University cancels classes for fourth time this semester
Facilities management works clear snow
“We owe a great deal of thanks to our ‘designated’ employees who must report to work regardless of the weather,” University spokesperson McGregor McCance said. “They may provide essential services during weather events…such as clearing roads and pedestrian routes, operating dining facilities and residence halls for our students and more.”
For the fourth time this semester, the University canceled classes because of snow. At 5 a.m. Monday morning, the University announced classes would begin at 10 a.m., only to cancel classes completely at 7:45 a.m.
The City of Charlottesville also announced the government would open late at 10:30 a.m., and Charlottesville and Albemarle County schools were closed.
The University’s decision to close, which was announced by the University’s Office for Emergency Preparedness, is made by University leadership after consulting representatives from across Grounds, including the police department and transportation administrators.
As winter storms vary in severity, there is no standard criteria for closure. The administration says decisions are made on a case-by-case process which weighs a combination of factors, though safety remains the top consideration. Certain “designated” University employees are still required to report to work in the event of a cancellation.
“We owe a great deal of thanks to our ‘designated’ employees who must report to work regardless of the weather,” University spokesperson McGregor McCance said. “They may provide essential services during weather events … such as clearing roads and pedestrian routes, operating dining facilities and residence halls for our students and more.”
Many workers are housed in nearby hotels to make sure there are enough staff on hand within walking distance of the University.
The University Facilities Management department is responsible for on-Grounds snow removal.
“The snow removal is really a team effort,” Superintendent of Landscape Patrick Hopkins said. “Everyone from Facilities comes together to make sure classes and University business will be able to operate as soon as possible — even the plumbers.”
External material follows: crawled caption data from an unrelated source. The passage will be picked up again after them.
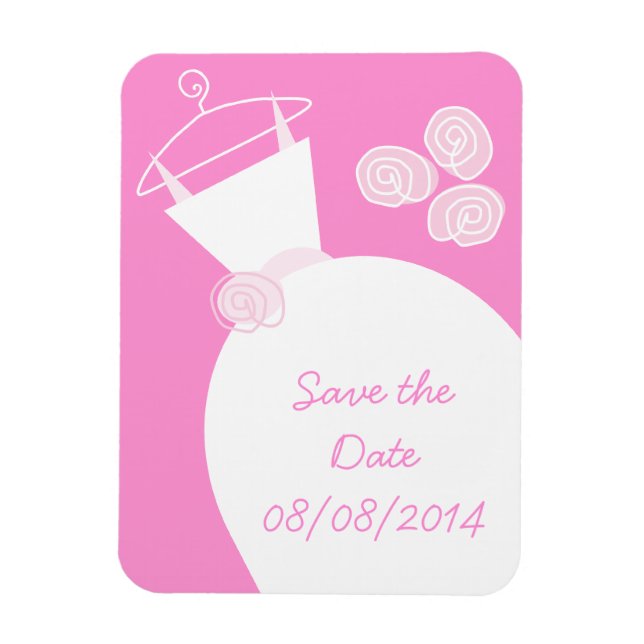 Magnet Flexible Robe de mariée rose 'Save the Date' (Vertical)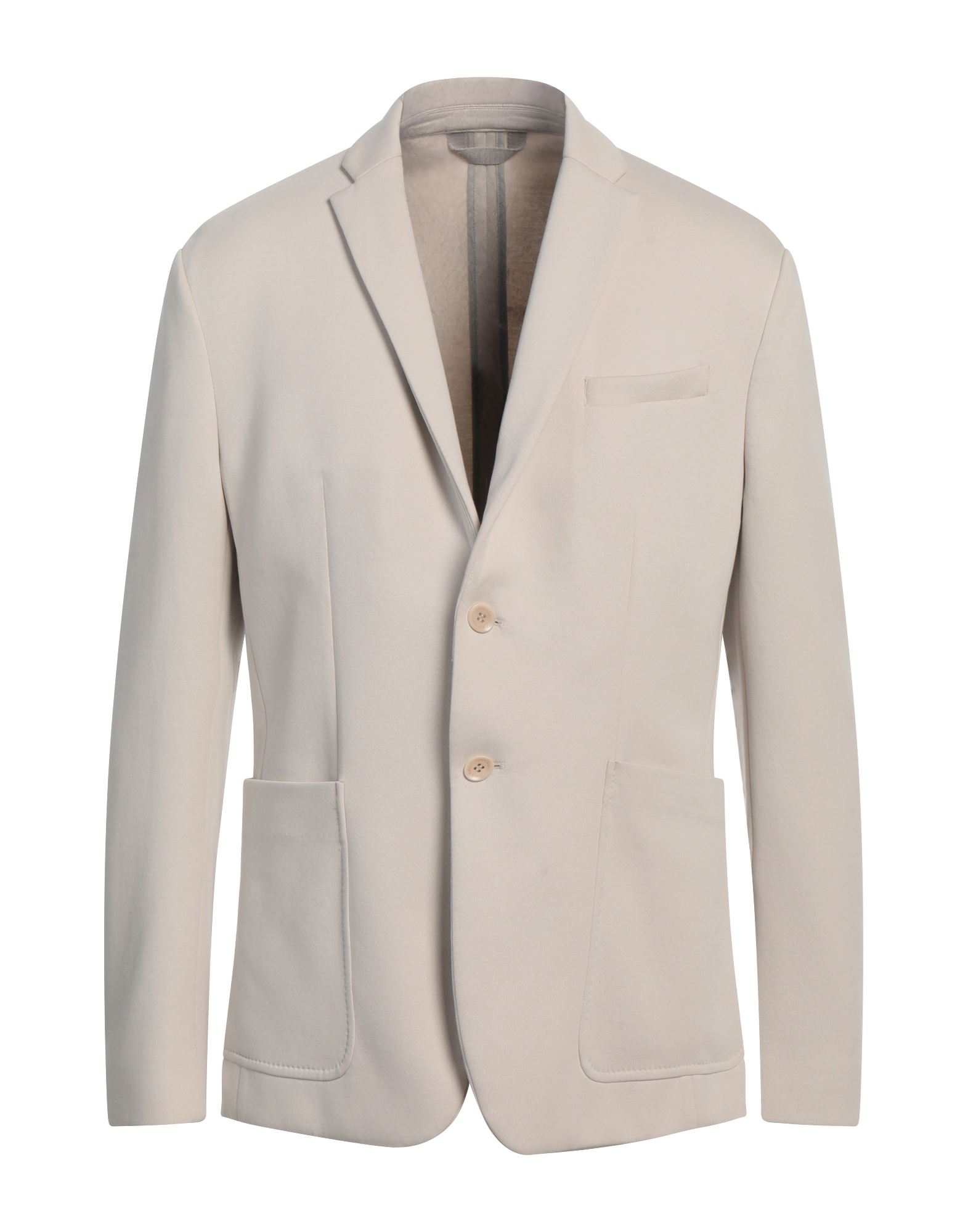 싱글 브레스티드 블레이저, 저지, 솔리드 컬러, 장식 부착 없음, 클래식 칼라, 롱 슬리브, 부분적으로 안감 처리한 내부, 버튼 여밈, 멀티 포켓, 더블 백 슬릿, 세탁기로 세탁, 표백 금지, 건조기 사용가능. 이미지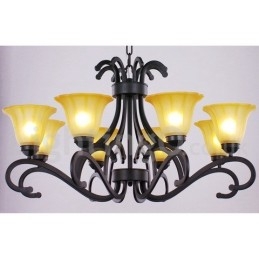 8 Light Black Contemporary Candle Style Luster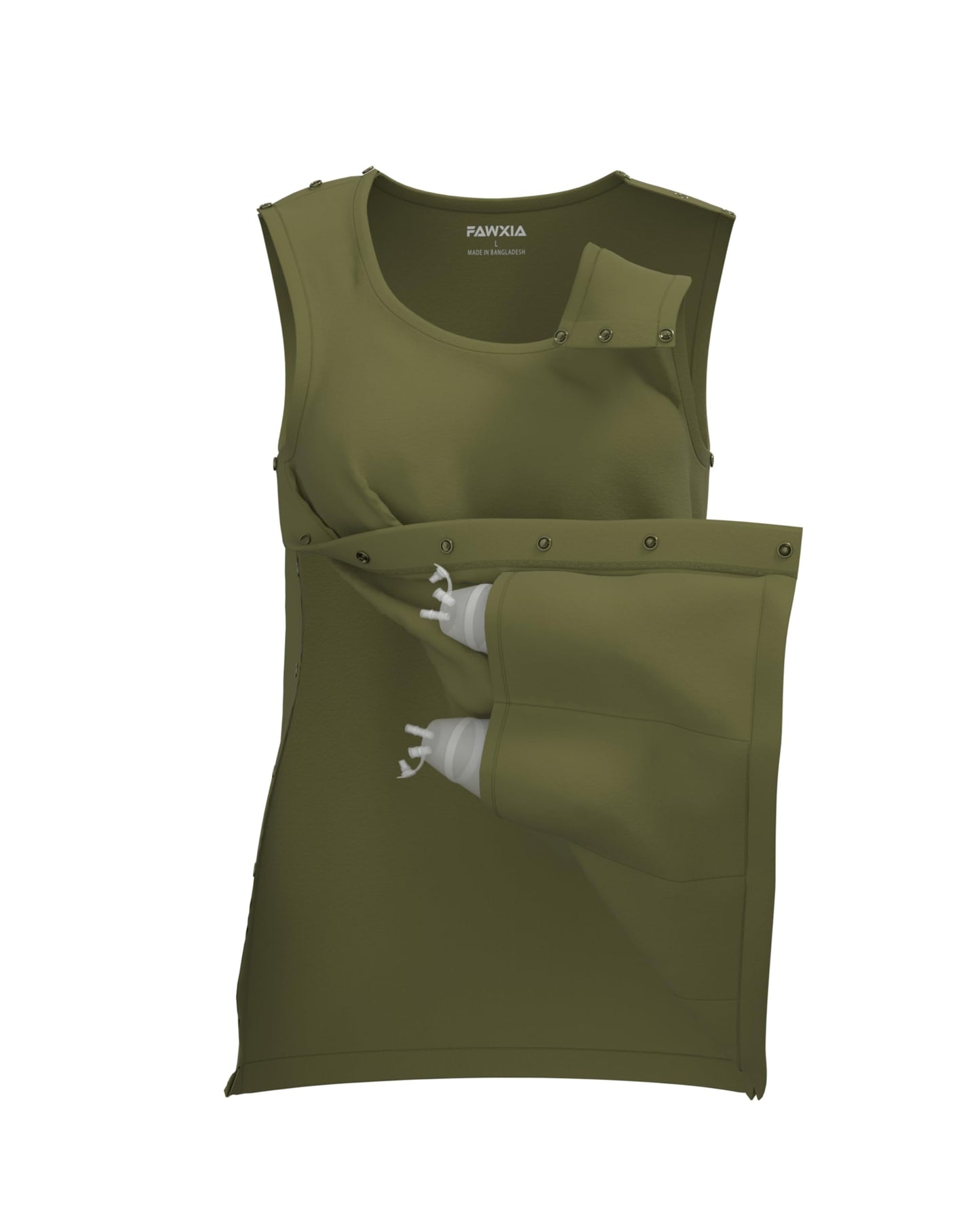 Mastectomy Recovery Tank Top with Four Drain Pockets & Snap-Access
Additionally, the University uses its own fleet of roughly 20-22 plough vehicles to clear roads and parking lots. For added capability, private contractors are hired to lend a hand when those trucks are tied down in the lots, ensuring a speedier clean-up.
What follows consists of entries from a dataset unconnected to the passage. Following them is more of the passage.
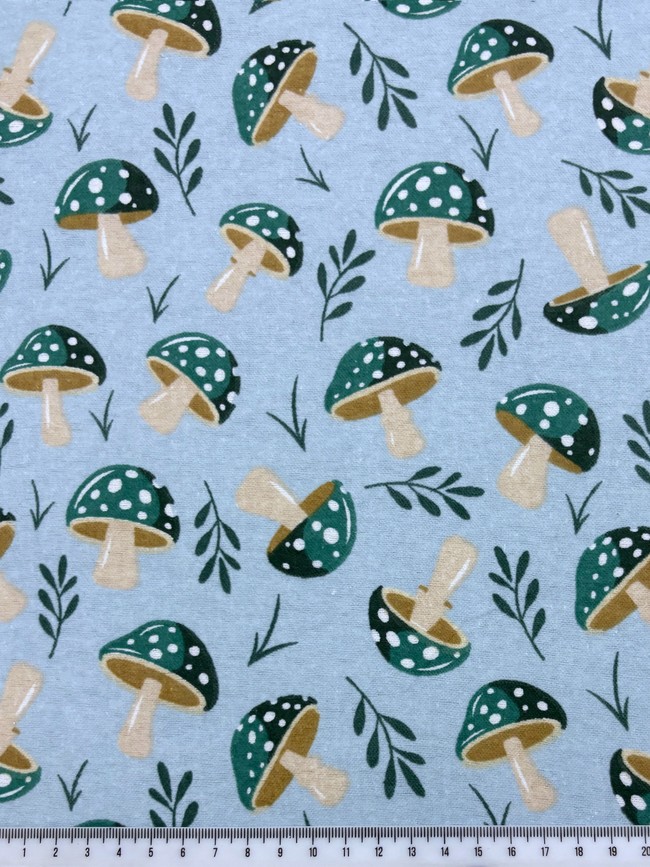Toadstools on Blue Winceyette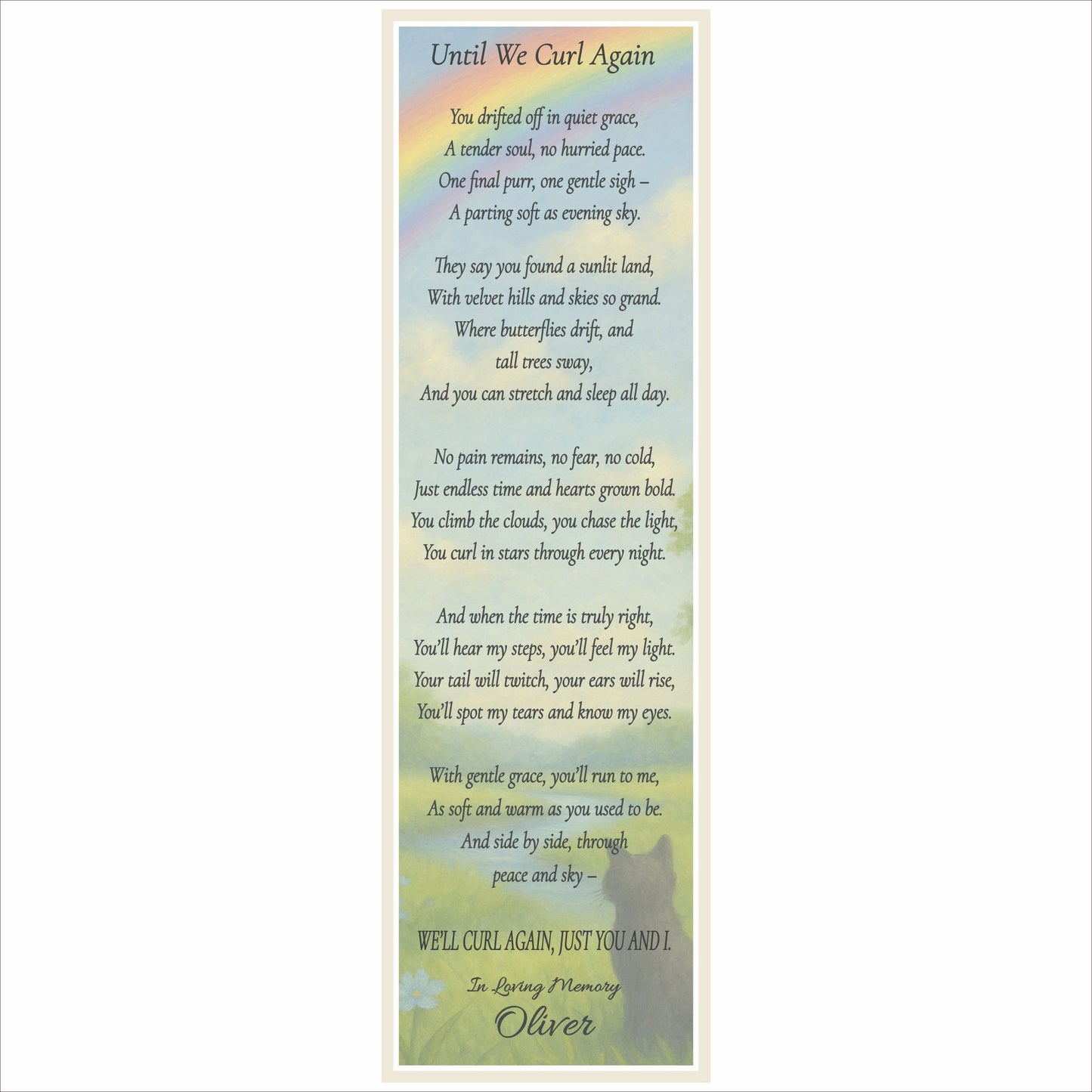 until we curl again cat memorial sign vertical pet loss poem with cat silhouette background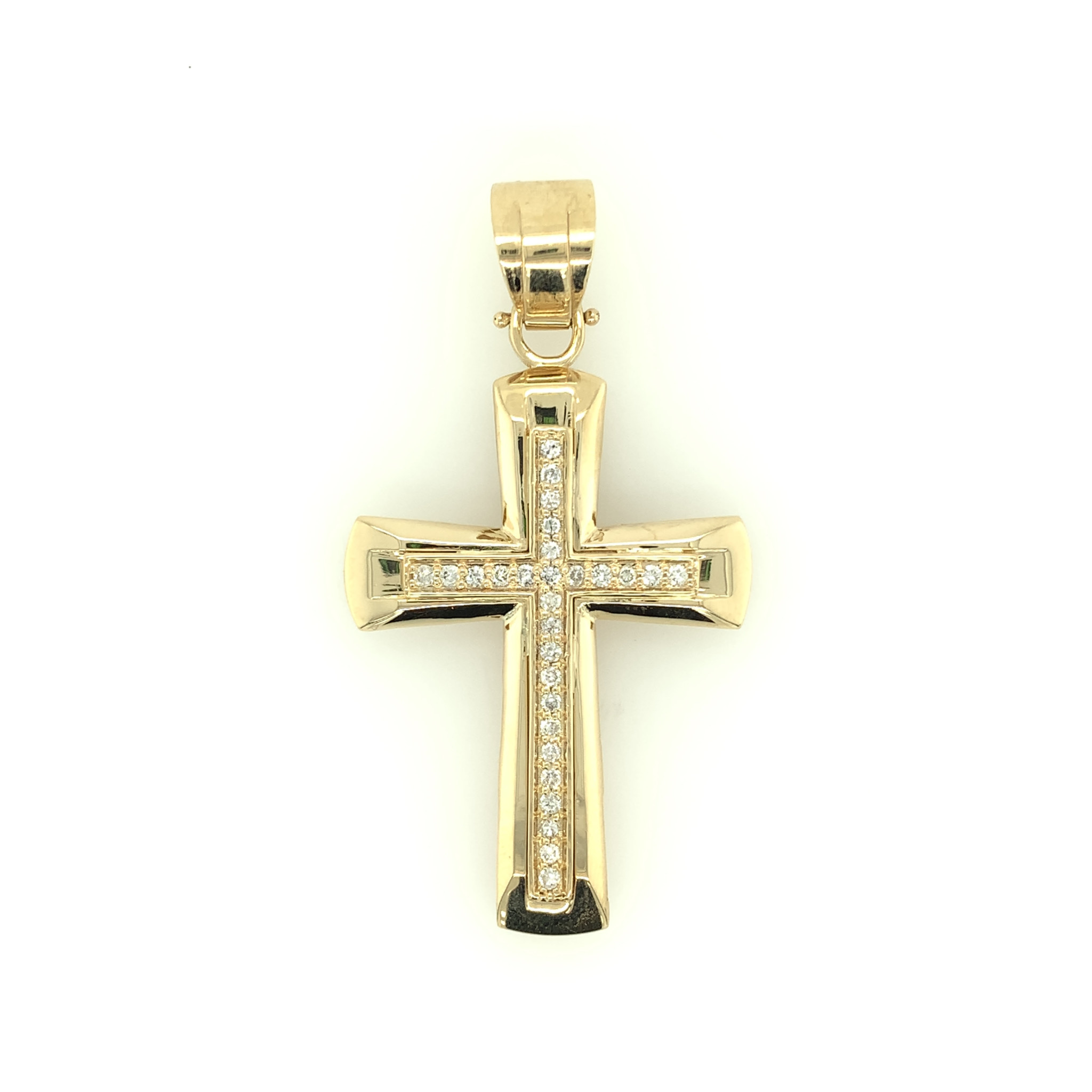 77163 14K YELLOW GOLD 2" .42TCW DIAMOND CENTER ROUNDED FLARED CROSS CHARM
Hopkins said this storm was not as bad as the one which hit last month, and he did not foresee icy conditions.
“There is no ice and the water is running, which is a nice thing,” he said. “It’s nothing we can’t handle. Snow shovels are working fine.”
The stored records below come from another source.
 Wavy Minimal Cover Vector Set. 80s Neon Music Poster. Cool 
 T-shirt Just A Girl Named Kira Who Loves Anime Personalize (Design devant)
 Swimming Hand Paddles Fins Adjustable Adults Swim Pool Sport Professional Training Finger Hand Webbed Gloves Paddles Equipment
Hopkins added the burden these regular winter storms inflict on the University is less financial than it is personnel-related.
“The University can’t really budget for frequency when it comes to snow, but they can deal with it financially,” he said. “On a personal level, it takes a toll on the guys. They have families and their own homes to care for and it’s back-breaking work.”
Hopkins said he is optimistic the University would be up and running by Tuesday at regular hours, despite forecasts of a 20 percent chance of freezing rain throughout the night.
“The winter storm warning is over, so I’d like to see classes open tomorrow,” he said.